- GIVEN ENTRIES -
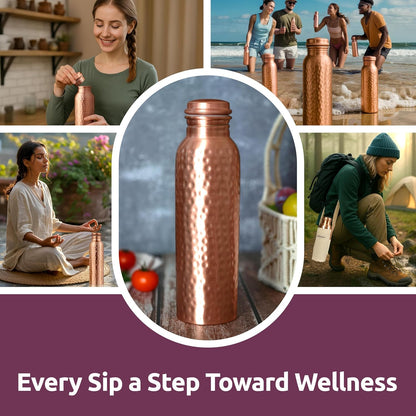 Pure Copper Water Bottle – 34oz Wide Mouth Hammered Ayurvedic Vessel with Straw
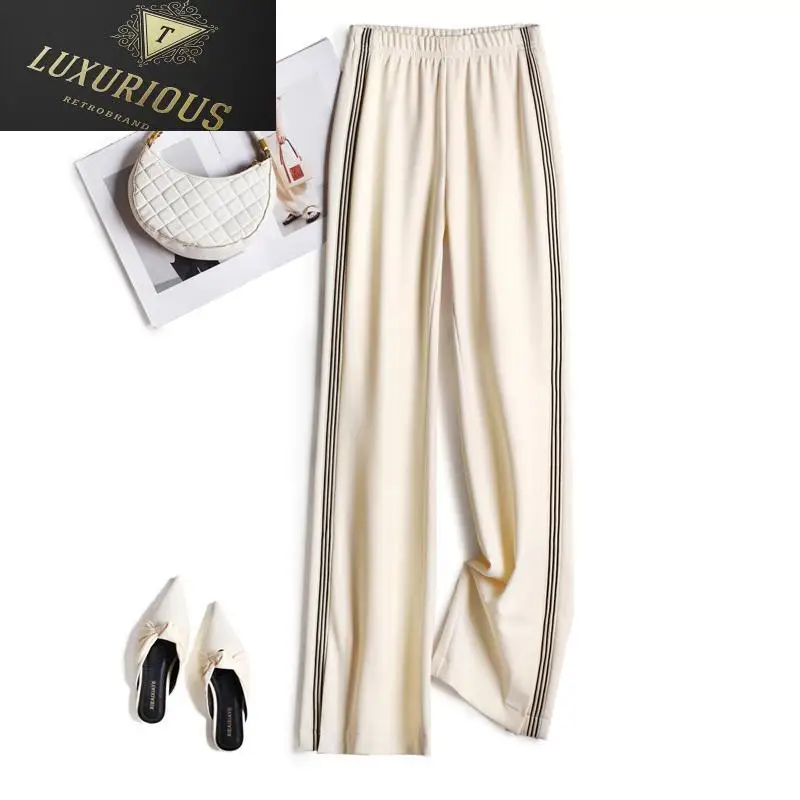 

Y2k Streetwear Comfortable Wide Leg Pants Elastic Waist Side Stripes Sports Style Trousers Show Legs Long Summer Women's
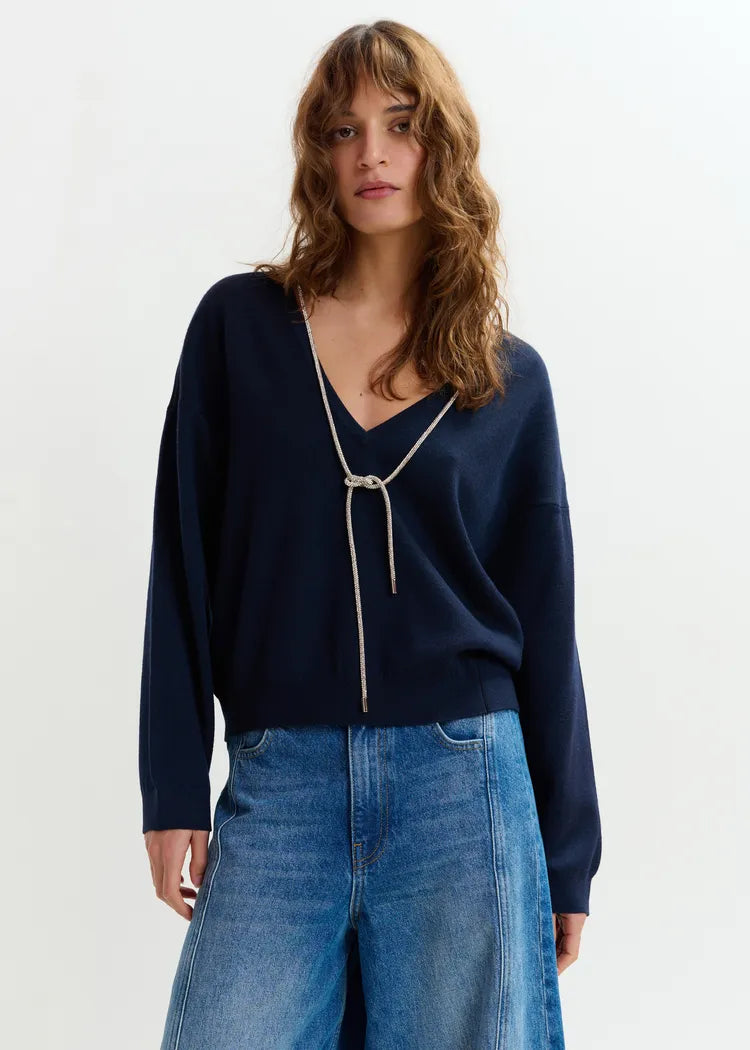 Essentiel Antwerp Navy Fine Knit Sweater with V-Back & Rhinestone Necklace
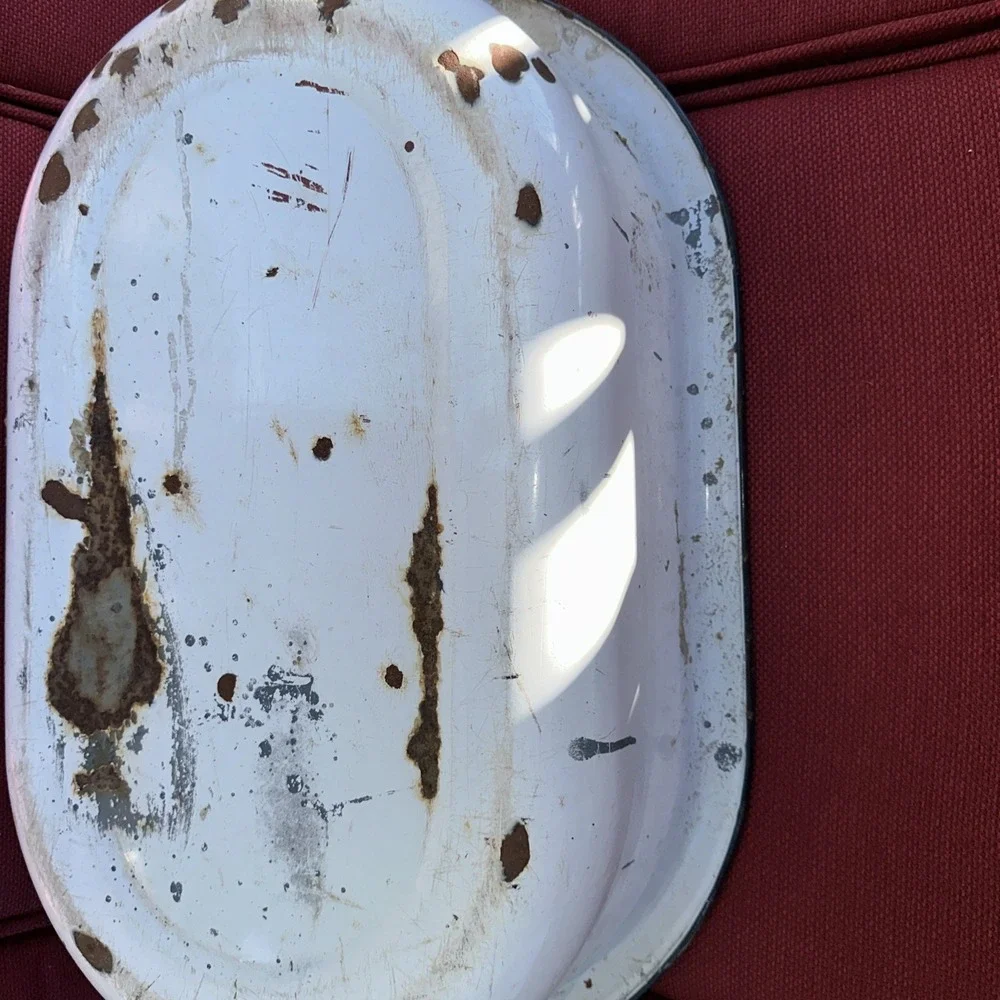 Vtg Large Enamel Ware Basin Oval Wash Tub Antique Yard Art Planter Prop Decor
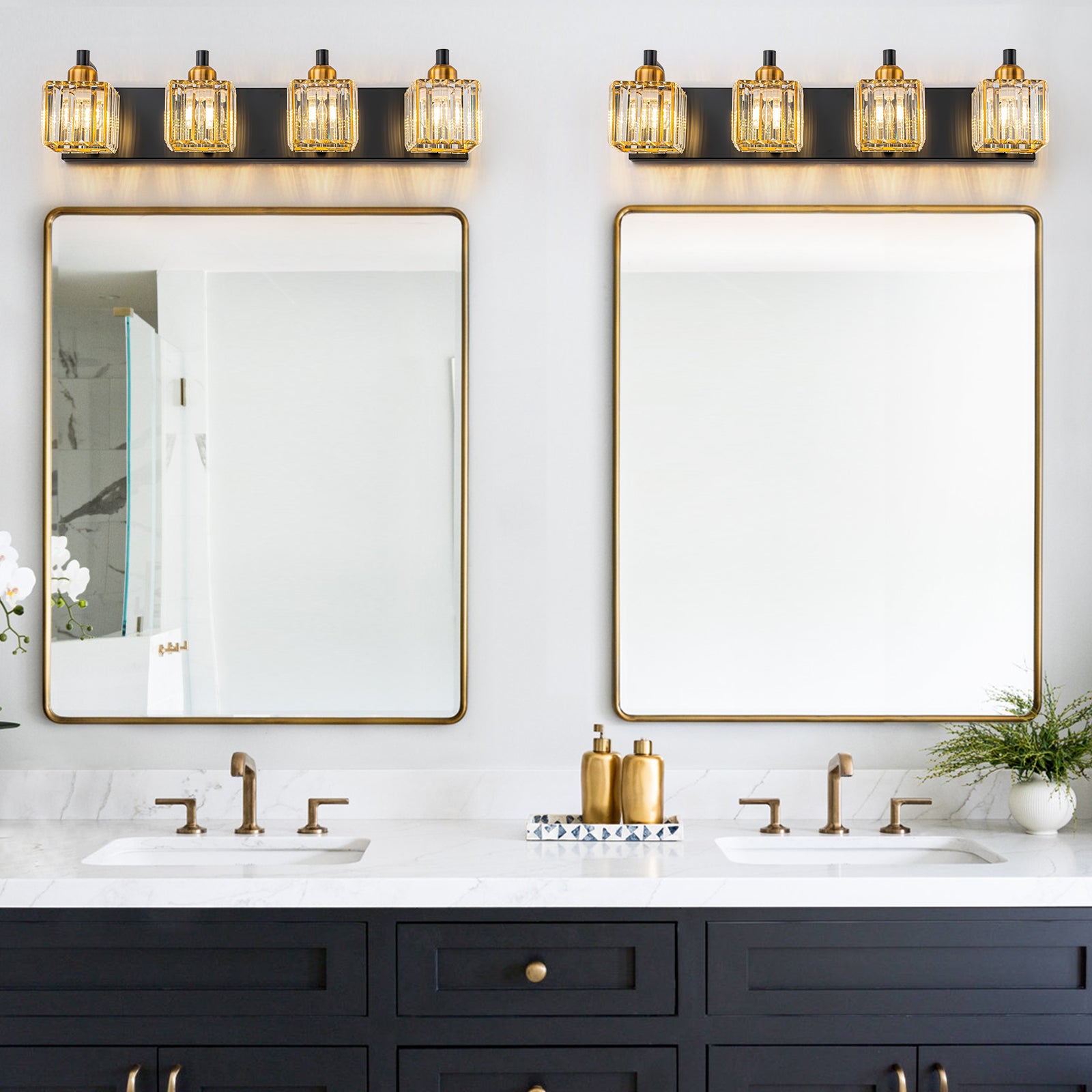 Glowlings 2/3/4/5-Light Modern Sqaure Crystal Bath Vanity Wall Sconce Bathroom Lighting Source
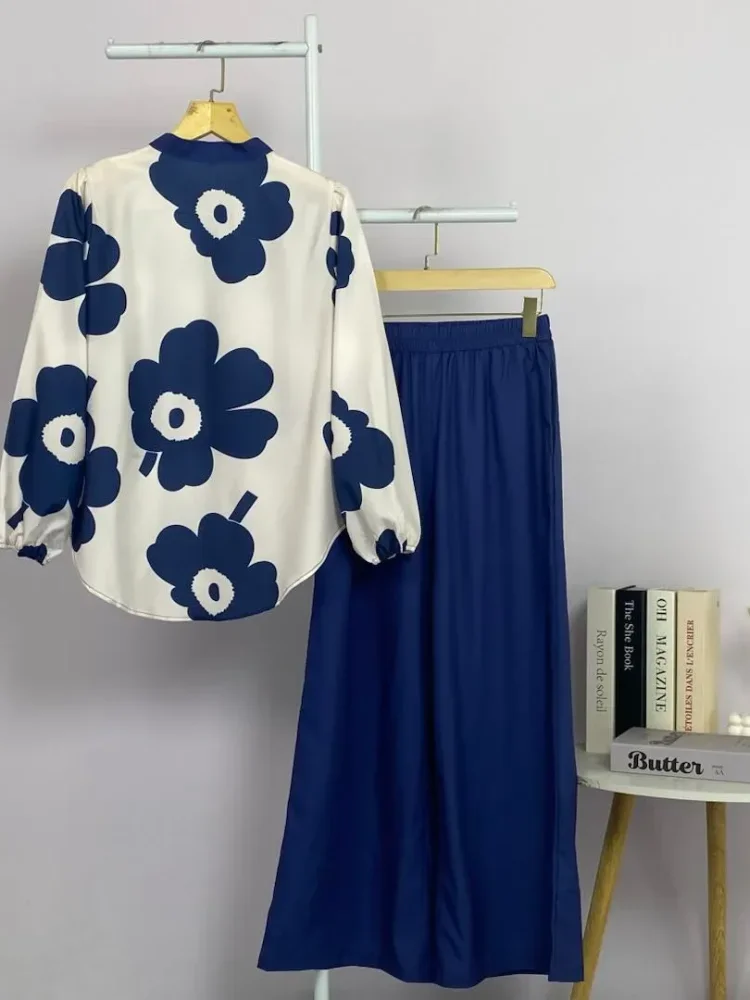 ASAYA Setelan dua potong wanita dengan motif bunga dan celana polos: atasan lengan panjang bermotif dan celana longgar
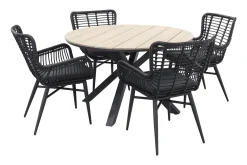 Jasmine Black/GI Edison 4-persoons ronde dining tuinset Ø122 cm.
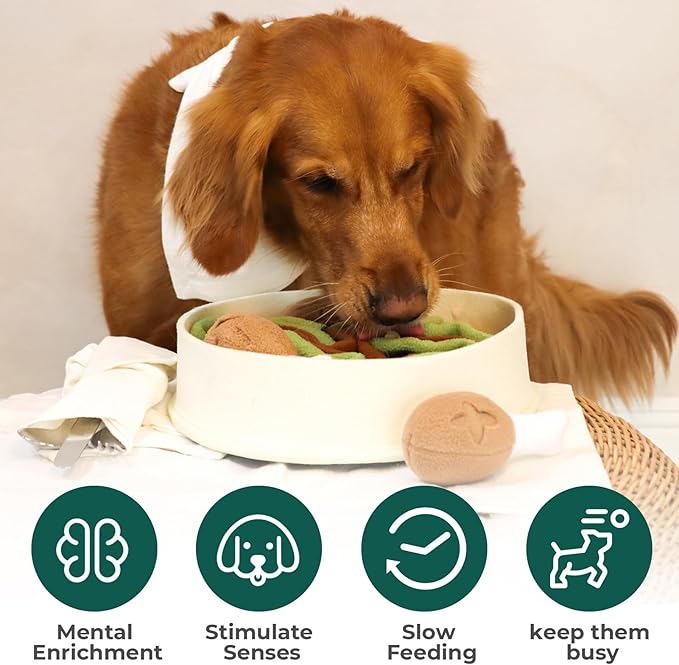 Dog Enrichment Toys Interactive Dog Treat Puzzle, Squeaky Dog Toys, Machine Washable Puzzle Hide Treats for Slow Feeder, Made of Recycled Materials, All Breed Sizes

- EXERCISE REQUIREMENTS -
Transcribe exactly the lines from the one with "ASAYA Setelan dua" to the last line of the records, both included, so that no picture appears in the copy.

- REPLY -
 ASAYA Setelan dua potong wanita dengan motif bunga dan celana polos: atasan lengan panjang bermotif dan celana longgar
 Jasmine Black/GI Edison 4-persoons ronde dining tuinset Ø122 cm.
 Dog Enrichment Toys Interactive Dog Treat Puzzle, Squeaky Dog Toys, Machine Washable Puzzle Hide Treats for Slow Feeder, Made of Recycled Materials, All Breed Sizes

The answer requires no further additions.